Офицеры, заметив перемену в настроении начальника Управления, предупредительно уступали дорогу. Он энергично спустился по лестнице на первый этаж и, подойдя к отсеку предварительного заключения, приказал караульному:
– Открывай!
Боец, несколько удивленный нетерпеливостью майора, торопливо извлек ключи и отомкнул бронированную дверь. Впустив Волостнова, тотчас закрыл ее и устремился следом за начальником. Майор прошел до конца коридора и, остановившись перед дверью камеры, распорядился:
– Открывай и побудь снаружи.
– Есть! – отозвался боец и, безошибочно отыскав ключ в большой связке, сразу же открыл дверь.
Подавленное настроение Волостнова не укрылось от Аверьянова, несколько обескураженно поднявшегося с нар. Его лицо застыло, губы плотно сжались – похоже, Филин приготовился услышать самое худшее.
Боец поспешно вышел из камеры, оставив начальника Управления наедине с арестованным.
– Как ты? – попытался улыбнуться майор, присаживаясь на нары.

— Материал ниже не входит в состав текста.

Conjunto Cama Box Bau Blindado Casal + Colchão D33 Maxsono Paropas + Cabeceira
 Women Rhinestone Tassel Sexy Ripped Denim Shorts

– Вроде бы ничего, – ответил Михаил, опустившись рядом. – Что-нибудь случилось?
– Кое-что случилось. Тебя хотят забрать от меня в Москву. Считают, что такое решение целесообразно. Хочу сразу предупредить, чтобы для тебя не было никаких неожиданностей, над тобой по-прежнему висит приговор о высшей мере наказания, который могут привести в исполнение в любую минуту.
– Даже после удачного завершения операции?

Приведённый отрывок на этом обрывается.